# What is required
Your task is to copy the lines of the data below from the line holding "Bbq Grill BBQ401GCIR Manual De Usuario" through the line holding "Elektrische Fietsen|Elektrische Bakfietsen", inclusive, exactly and with nothing added.

# Material to process
* * * * * * * * *

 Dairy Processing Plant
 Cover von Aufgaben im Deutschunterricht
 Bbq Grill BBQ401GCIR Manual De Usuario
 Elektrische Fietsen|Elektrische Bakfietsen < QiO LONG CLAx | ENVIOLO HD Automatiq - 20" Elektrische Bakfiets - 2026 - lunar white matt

* * * * * * * * *

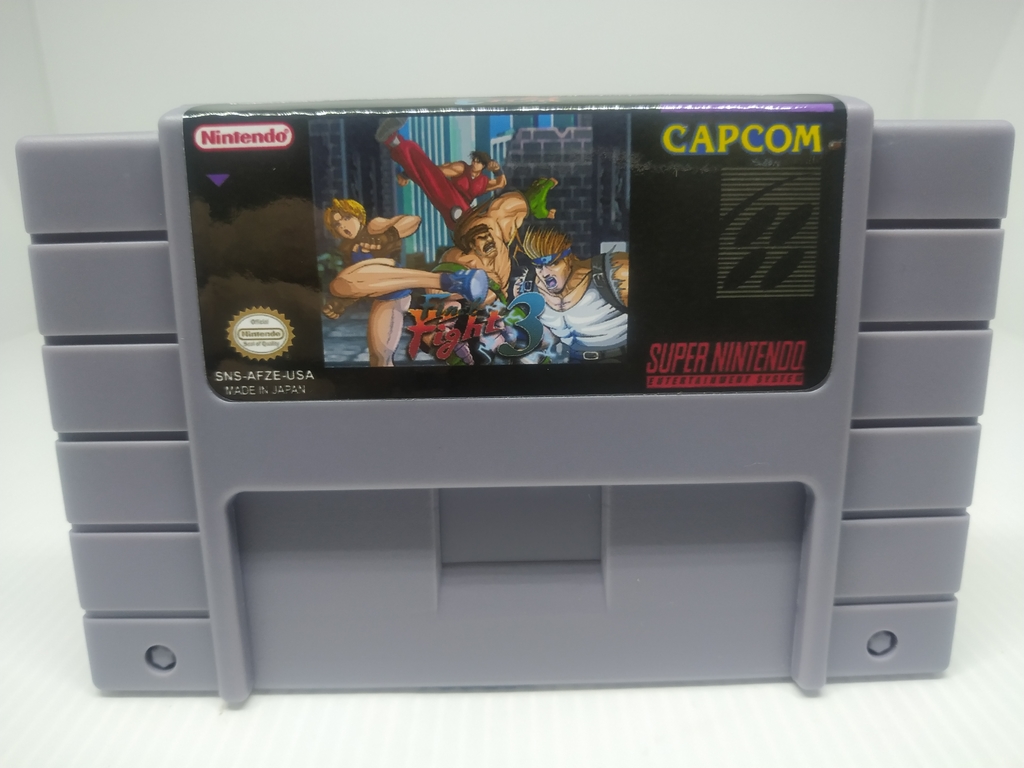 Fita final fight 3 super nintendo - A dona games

* * * * * * * * *

# Result of this exercise
 Bbq Grill BBQ401GCIR Manual De Usuario
 Elektrische Fietsen|Elektrische Bakfietsen < QiO LONG CLAx | ENVIOLO HD Automatiq - 20" Elektrische Bakfiets - 2026 - lunar white matt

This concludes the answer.